Josephine Tey may not have been specially concerned with the puzzle-making that usually constitutes the chief virtue of the whodunit, so purists may not find in her a favorite, but for any reader willing to spend a cold afternoon or two in her company, the pleasures of this witty and inventive writer will be richly rewarded.

Coco and murder sounds just right for today in Seattle.

Snowbound Reading

Getting to the bookstore today may prove impossible.  Getting out of the house at all might not be such a good idea just now.  So this would seem to be the perfect occasion for some wintry reading before the fireplace, next to the space-heater, or just huddled in bed with extra blankets and a stocking-cap.

By way of suggestion, you might try reading some of the delightful stories of Saki.  If you don't know him, Hector Hugh Munro was an Englishman and one of the true masters of the short story.  His stories are invariably funny, and occasionally chilling.

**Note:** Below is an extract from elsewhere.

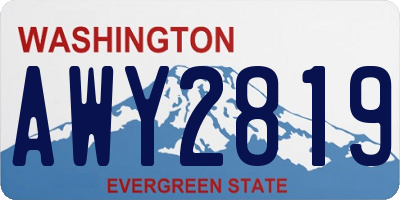 WA license plate AWY2819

Three stories come immediately to mind when looking out the picture window today at all the evil white nothingness:  The She Wolf -- about the dangers of being glib in matters supernatural, The Wolves of Cernogratz -- which concerns making the best of servant problems, and finally, and particularly, The Interlopers,  of which I am reminded every time I forced to take a walk in the woods.

All three are of course included in The Complete Stories of Saki, from Penguin, available at the bookstore and to be ordered online.

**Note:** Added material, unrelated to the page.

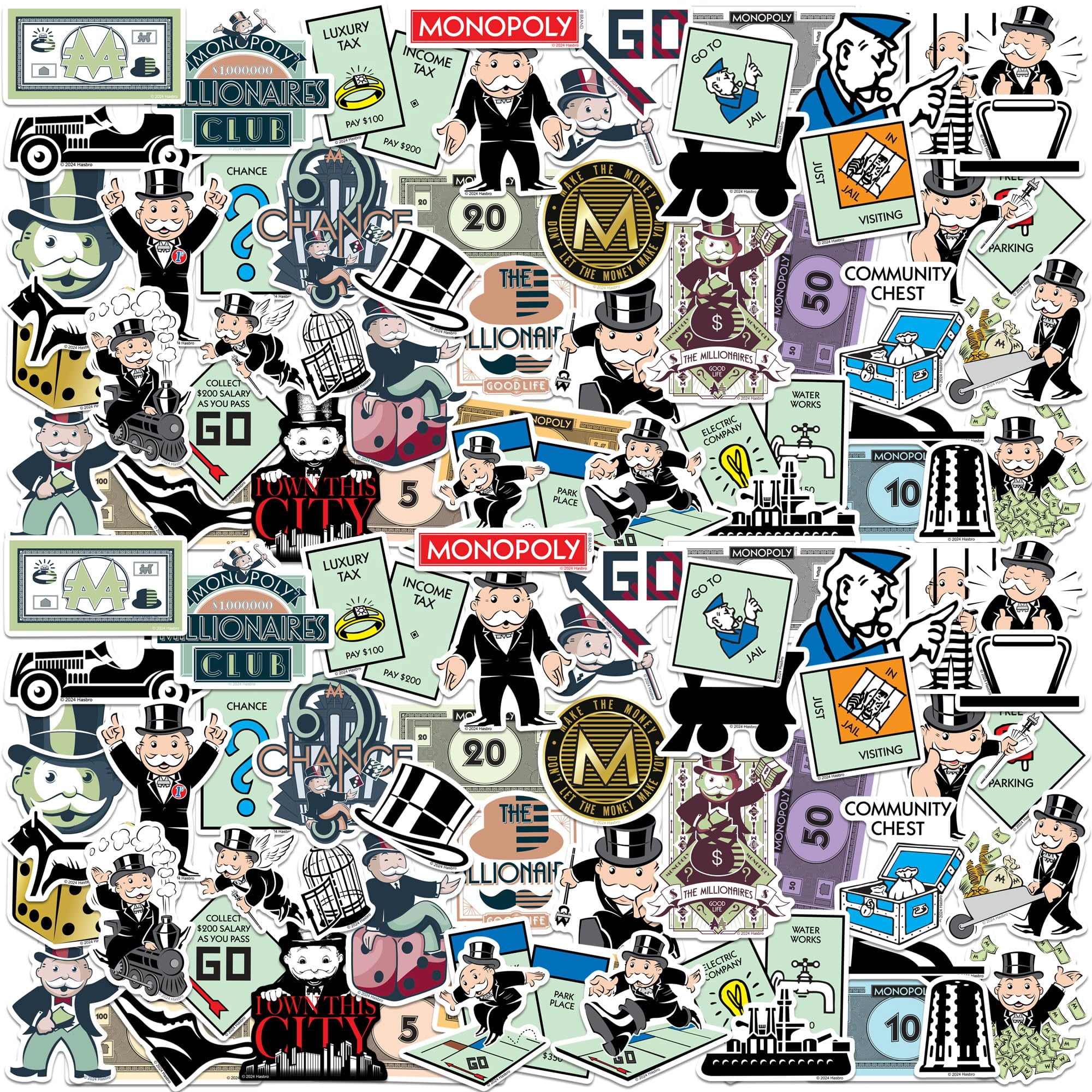 Monopoly 200 Count Vinyl Large Deluxe Stickers Variety Pack Classic ...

Saki is best read in such weather as we're having now.  With a nice cup of tea, with lemon, not milk, and certainly without sugar, though a drop of whiskey wouldn't do a bit of harm on a day like this.

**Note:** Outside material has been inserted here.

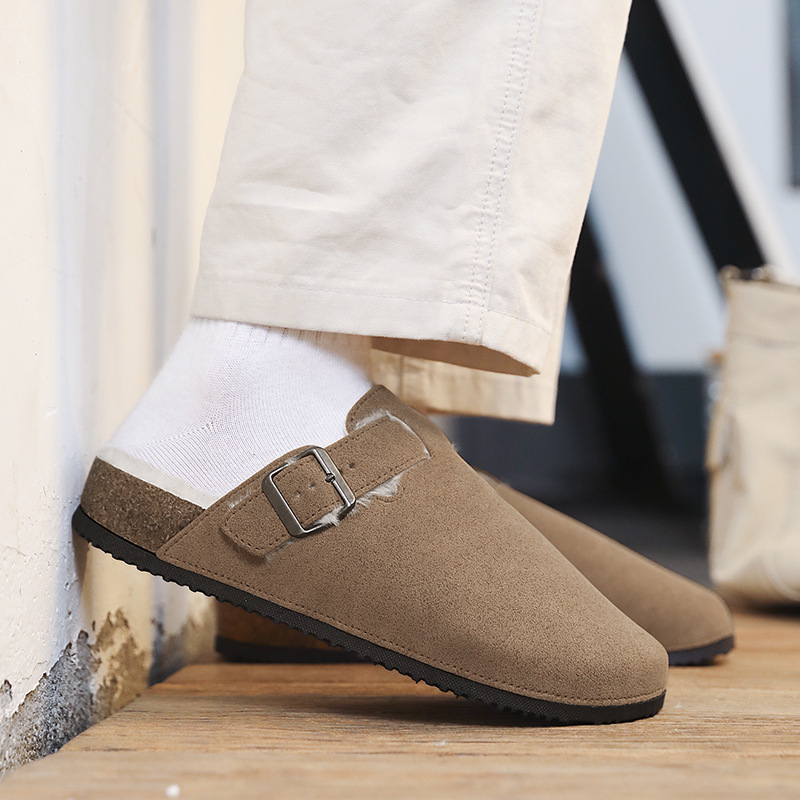Muške papuče s debelom potplatom za povećanje visine, slip-on, PVC potplat, gornji dio od imitacije superfibra, otporne na trošenje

Wednesday, December 17, 2008

The Snow Is Snowing, The Wind Is Blowing, But I Can (NOT) Weather the Storm

Truman Capote's "A Christmas Memory" will not be making one more venture off the bookshelf this year.  Your humble reader lives in West Seattle and can't get out.  Snow, it seems, does not like me, my tiny car, or Truman Capote.  So the scheduled reading, in Mill Creek, Thursday, December 18th, at 7 PM, won't be happening.

To anyone planning to attend Thursday, I can only offer my sincere apologies and my hope that you might find time, this busy Holiday Season, to read Capote's little masterpiece amongst yourselves.  You don't need me to make the story magical.

Maybe next year, we can try again.  Meanwhile, a Merry Christmas and sincere regrets to all our friends in Mill Creek who might have planned to come out and hear "A Christmas Memory" Thursday night.

Tuesday, December 16, 2008

Now Winter Nights Enlarge

Now winters nights enlarge
The Number of their hours,
And clouds their storm discharge
Upon the airy towers.
Let now the chimneys blaze,
And cups o'erflow with wine;
Let well-tuned words amaze
With harmony divine.
Now yellow waxen lights
Shall wait on honey love,
While youthful revels, masques, and courtly sights
Sleep's leaden spells remove.

This time doth well dispense
With lovers' long discourse;
Much speech hath some defense,
Though beauty no remorse.
All do not all things well;
Some measures comely tread,
Some knotted riddles tell,
Some poems smoothly read.
The summer hath his joys
And winter his delights;
Though love and all his pleasures are but toys,
They shorten tedious nights.

Saturday, December 13, 2008

Santa, Where's my Jetpack?!!!

If one is of a certain age, certain promises were made in childhood -- by The Wide World of Disney, filmstrips, and exhibitions at the State Fair -- and by now, we should all be eating meals cooked by voice-command, vacationing on the moon, and most importantly commuting to work by jetpack.
Never happened. Lies, all lies.

Some consolation came into the store recently though, in the form of a new book by Mac Montandon, Jetpack Dreams: One Man's Up and Down (But Mostly Down) Search for the Greatest Invention That Never Was.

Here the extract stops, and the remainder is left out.